* Task requirements:
Copy word for word the lines of the records below, beginning at the one with "Double Cozy Chair/Faux" and finishing at the one with "Obraz na płótnie", ends included, but none of the pictures.

* Input records:
· · · ·

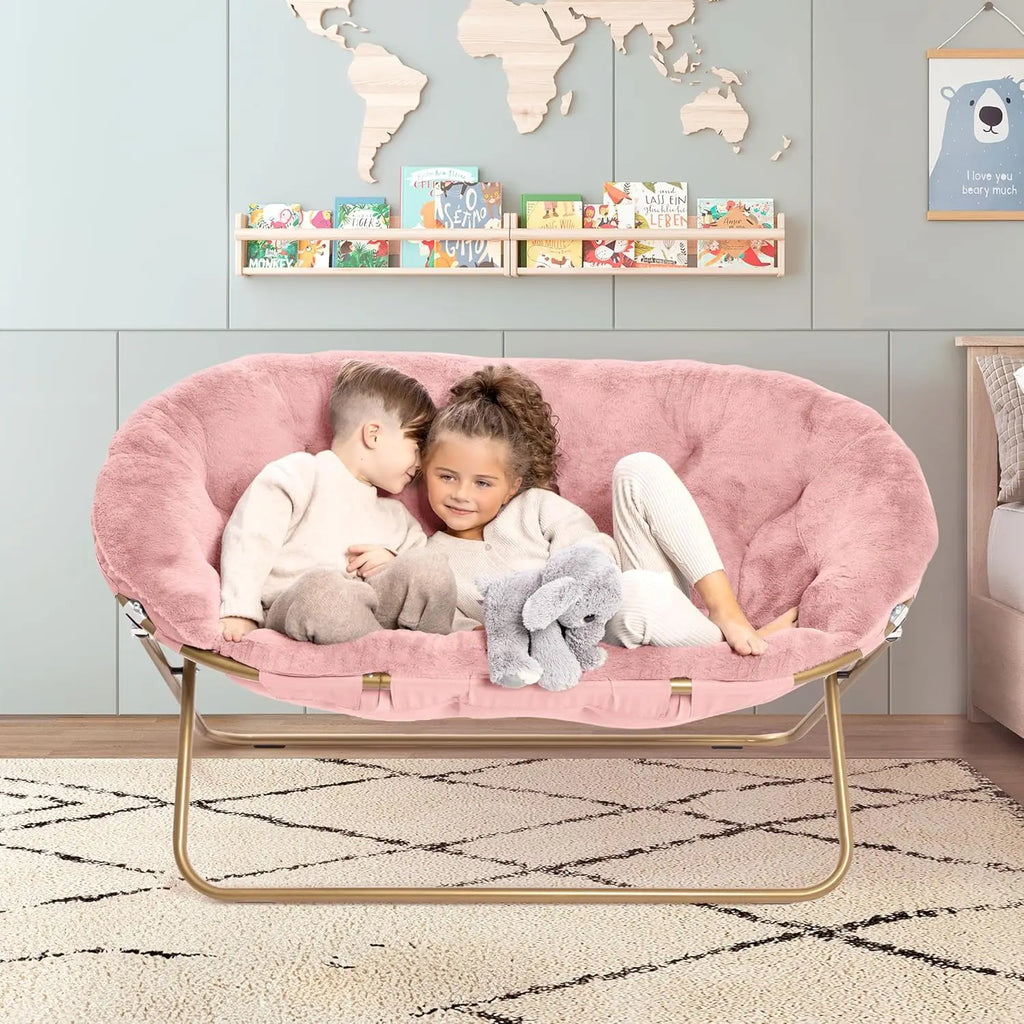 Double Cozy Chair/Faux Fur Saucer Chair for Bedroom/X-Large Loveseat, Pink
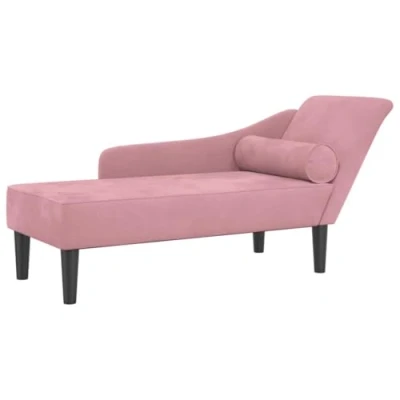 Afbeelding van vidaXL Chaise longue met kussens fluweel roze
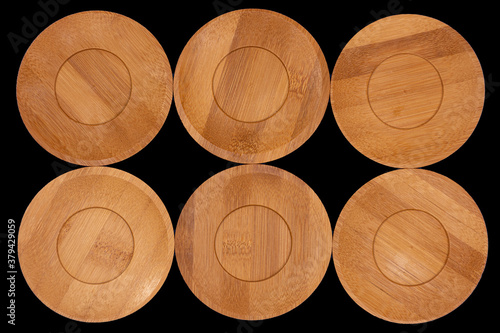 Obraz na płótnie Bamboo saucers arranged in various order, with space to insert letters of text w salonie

· · · ·

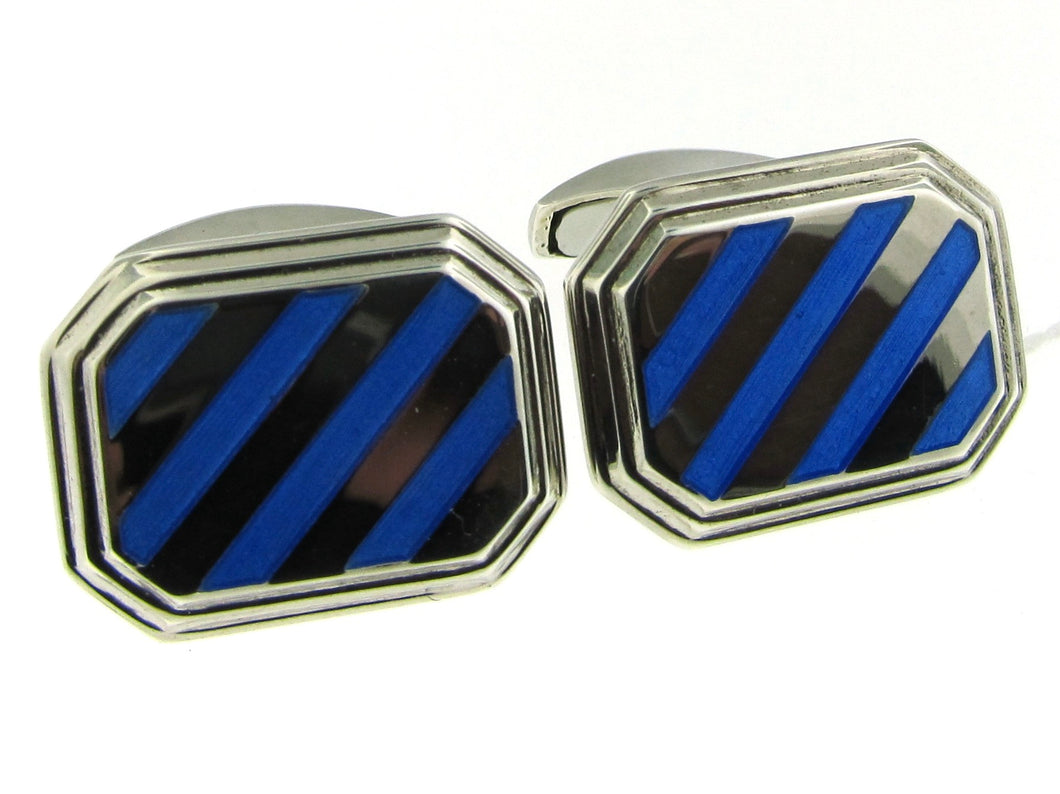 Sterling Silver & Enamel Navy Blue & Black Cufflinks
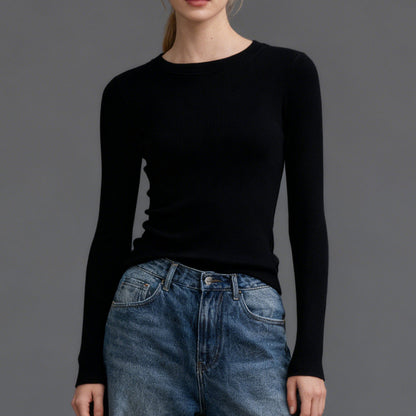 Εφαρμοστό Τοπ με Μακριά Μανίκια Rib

· · · ·

* Result:
 Double Cozy Chair/Faux Fur Saucer Chair for Bedroom/X-Large Loveseat, Pink
 Afbeelding van vidaXL Chaise longue met kussens fluweel roze
 Obraz na płótnie Bamboo saucers arranged in various order, with space to insert letters of text w salonie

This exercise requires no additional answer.